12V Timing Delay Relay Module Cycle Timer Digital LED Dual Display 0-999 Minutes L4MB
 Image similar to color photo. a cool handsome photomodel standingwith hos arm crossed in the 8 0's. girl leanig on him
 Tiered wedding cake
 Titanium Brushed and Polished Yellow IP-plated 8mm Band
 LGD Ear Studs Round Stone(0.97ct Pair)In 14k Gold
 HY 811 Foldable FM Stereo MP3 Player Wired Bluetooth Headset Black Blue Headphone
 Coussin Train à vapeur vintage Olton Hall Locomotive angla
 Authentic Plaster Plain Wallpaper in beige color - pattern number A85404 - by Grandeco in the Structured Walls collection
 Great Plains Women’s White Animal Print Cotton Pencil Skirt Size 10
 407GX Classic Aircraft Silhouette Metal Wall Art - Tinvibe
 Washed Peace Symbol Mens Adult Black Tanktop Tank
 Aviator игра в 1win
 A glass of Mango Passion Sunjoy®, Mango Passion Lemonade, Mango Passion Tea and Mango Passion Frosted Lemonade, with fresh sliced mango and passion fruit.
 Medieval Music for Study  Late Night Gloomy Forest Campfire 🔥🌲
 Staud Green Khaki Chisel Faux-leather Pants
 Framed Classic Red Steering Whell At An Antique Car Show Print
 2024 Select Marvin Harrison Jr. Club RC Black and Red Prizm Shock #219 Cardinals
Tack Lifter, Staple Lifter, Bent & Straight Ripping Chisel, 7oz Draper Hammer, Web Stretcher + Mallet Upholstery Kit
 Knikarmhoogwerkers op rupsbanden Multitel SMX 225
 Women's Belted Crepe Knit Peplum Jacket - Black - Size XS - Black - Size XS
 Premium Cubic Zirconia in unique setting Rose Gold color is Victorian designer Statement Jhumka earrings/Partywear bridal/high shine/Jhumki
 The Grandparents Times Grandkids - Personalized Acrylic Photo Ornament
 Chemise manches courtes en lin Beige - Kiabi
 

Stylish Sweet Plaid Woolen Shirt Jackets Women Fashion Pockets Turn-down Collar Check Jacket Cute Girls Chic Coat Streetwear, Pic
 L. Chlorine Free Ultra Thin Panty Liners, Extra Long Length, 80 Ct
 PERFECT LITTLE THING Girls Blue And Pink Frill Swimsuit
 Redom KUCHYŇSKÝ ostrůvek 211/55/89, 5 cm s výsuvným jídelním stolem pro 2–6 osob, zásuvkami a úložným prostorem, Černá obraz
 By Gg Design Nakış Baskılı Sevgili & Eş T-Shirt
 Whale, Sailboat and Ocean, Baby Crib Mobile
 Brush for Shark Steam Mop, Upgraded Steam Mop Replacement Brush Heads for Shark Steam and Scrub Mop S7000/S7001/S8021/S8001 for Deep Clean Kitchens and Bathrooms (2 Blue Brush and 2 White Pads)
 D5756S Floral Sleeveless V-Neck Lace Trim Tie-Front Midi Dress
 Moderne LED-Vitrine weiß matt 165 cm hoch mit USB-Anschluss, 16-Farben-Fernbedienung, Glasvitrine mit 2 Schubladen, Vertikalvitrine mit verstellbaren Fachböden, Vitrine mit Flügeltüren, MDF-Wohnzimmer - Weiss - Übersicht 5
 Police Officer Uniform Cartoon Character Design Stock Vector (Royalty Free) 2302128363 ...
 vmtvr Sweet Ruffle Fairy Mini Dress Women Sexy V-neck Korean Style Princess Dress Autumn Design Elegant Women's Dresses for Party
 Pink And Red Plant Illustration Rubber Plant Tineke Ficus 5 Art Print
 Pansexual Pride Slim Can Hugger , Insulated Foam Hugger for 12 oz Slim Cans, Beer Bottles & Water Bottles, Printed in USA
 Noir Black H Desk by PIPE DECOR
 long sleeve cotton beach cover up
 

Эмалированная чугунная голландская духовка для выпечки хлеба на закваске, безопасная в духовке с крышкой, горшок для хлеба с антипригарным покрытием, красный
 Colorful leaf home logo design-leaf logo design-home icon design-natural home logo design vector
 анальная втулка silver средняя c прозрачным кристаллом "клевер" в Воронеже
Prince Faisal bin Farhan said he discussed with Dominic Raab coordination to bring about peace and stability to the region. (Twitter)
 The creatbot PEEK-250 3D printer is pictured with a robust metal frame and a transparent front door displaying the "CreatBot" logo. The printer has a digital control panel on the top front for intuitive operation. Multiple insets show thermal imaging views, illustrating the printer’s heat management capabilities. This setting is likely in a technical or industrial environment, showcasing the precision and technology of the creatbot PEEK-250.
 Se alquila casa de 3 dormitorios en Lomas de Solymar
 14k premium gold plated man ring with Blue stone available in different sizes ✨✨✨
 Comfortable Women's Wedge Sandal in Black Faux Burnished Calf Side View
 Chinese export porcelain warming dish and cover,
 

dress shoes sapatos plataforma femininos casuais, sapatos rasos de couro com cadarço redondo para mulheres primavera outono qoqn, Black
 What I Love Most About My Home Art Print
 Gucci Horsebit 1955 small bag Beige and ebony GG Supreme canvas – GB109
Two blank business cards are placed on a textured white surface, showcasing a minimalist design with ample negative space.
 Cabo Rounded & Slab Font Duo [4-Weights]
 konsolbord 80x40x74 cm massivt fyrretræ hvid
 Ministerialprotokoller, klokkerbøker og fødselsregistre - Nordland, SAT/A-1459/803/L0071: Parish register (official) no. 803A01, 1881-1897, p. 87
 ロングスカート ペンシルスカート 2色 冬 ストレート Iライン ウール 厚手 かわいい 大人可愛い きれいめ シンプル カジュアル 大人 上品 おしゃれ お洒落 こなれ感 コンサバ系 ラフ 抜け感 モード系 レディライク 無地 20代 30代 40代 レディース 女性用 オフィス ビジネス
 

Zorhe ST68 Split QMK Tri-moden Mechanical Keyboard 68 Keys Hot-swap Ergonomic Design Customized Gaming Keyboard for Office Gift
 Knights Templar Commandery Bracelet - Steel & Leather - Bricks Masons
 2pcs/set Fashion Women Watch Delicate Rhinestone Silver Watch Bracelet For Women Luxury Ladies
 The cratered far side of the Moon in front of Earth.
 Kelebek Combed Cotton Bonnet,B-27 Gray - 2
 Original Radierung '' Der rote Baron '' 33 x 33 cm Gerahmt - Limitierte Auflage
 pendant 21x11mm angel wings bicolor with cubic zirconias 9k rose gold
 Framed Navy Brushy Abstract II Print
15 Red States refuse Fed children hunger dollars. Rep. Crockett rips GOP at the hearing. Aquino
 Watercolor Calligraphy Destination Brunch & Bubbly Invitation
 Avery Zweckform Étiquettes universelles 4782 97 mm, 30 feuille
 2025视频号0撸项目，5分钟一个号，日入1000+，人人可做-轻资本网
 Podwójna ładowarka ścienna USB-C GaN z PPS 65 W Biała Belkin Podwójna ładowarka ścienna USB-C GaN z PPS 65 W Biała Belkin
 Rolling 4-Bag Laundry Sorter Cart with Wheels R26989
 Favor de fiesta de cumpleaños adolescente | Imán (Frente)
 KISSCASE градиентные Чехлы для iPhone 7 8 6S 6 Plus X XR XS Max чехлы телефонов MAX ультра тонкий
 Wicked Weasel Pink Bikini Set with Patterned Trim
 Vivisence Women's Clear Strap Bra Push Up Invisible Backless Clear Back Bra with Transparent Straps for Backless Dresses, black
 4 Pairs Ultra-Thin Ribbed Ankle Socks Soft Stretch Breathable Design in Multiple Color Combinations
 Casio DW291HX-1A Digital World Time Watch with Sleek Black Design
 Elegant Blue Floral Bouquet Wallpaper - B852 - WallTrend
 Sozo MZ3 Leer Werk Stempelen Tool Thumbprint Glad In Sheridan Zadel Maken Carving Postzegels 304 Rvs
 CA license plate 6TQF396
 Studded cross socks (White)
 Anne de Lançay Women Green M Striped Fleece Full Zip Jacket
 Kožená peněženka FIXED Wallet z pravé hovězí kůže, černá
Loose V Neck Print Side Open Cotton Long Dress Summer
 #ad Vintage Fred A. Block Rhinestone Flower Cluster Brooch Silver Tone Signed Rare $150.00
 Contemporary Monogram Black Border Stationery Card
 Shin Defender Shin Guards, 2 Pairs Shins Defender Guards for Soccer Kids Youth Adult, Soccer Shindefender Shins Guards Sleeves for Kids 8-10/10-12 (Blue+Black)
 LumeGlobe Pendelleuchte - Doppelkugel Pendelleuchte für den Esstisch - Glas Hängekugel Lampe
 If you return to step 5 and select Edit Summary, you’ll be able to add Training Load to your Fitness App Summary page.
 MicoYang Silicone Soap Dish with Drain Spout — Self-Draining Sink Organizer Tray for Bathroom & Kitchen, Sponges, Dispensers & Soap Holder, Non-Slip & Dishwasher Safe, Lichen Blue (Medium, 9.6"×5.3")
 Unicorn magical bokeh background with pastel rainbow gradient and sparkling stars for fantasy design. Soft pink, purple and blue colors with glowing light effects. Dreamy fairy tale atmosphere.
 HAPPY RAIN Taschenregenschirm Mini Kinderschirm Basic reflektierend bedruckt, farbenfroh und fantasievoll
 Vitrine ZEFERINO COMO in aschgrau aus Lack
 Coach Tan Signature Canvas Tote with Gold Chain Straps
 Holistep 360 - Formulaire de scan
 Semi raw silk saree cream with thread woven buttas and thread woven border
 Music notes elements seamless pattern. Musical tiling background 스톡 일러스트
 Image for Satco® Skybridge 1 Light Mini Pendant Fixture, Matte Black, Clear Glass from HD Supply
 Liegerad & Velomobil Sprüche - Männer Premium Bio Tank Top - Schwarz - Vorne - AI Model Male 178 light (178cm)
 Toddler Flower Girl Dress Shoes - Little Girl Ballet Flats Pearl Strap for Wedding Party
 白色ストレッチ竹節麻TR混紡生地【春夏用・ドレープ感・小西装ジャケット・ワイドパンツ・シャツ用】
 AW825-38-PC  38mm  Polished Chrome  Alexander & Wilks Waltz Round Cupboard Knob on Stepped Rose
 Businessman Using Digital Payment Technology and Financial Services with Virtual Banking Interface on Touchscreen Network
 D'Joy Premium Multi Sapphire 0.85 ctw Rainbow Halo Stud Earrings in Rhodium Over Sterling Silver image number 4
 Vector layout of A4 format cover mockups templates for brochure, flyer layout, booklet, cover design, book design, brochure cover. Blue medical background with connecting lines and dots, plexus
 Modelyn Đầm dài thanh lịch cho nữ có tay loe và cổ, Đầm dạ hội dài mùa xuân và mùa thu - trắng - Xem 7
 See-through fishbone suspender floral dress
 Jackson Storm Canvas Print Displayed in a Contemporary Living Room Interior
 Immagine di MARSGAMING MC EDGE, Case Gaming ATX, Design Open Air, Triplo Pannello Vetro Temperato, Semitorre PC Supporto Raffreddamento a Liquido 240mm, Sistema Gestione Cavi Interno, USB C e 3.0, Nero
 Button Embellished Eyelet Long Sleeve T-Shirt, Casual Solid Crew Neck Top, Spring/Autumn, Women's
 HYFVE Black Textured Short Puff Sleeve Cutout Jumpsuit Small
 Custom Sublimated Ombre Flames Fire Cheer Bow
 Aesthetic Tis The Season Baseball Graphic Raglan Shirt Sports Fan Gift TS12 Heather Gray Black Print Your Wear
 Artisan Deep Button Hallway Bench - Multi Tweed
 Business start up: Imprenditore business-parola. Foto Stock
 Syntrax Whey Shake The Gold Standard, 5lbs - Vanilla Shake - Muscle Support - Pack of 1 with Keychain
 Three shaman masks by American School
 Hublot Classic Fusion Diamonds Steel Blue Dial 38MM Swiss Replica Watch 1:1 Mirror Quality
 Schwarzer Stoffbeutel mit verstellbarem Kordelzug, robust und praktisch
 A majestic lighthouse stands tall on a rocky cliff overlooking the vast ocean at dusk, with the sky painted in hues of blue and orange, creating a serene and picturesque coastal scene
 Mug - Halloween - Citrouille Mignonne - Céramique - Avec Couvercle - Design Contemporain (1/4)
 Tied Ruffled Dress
----------------------------------------
> _PROBLEM DETAILS_
Print, without alteration, only the lines above between the one holding "Chinese export porcelain" and the one holding "konsolbord 80x40x74 cm massivt fyrretræ hvid", inclusive.

> _REPLY_
 Chinese export porcelain warming dish and cover,
 

dress shoes sapatos plataforma femininos casuais, sapatos rasos de couro com cadarço redondo para mulheres primavera outono qoqn, Black
 What I Love Most About My Home Art Print
 Gucci Horsebit 1955 small bag Beige and ebony GG Supreme canvas – GB109
Two blank business cards are placed on a textured white surface, showcasing a minimalist design with ample negative space.
 Cabo Rounded & Slab Font Duo [4-Weights]
 konsolbord 80x40x74 cm massivt fyrretræ hvid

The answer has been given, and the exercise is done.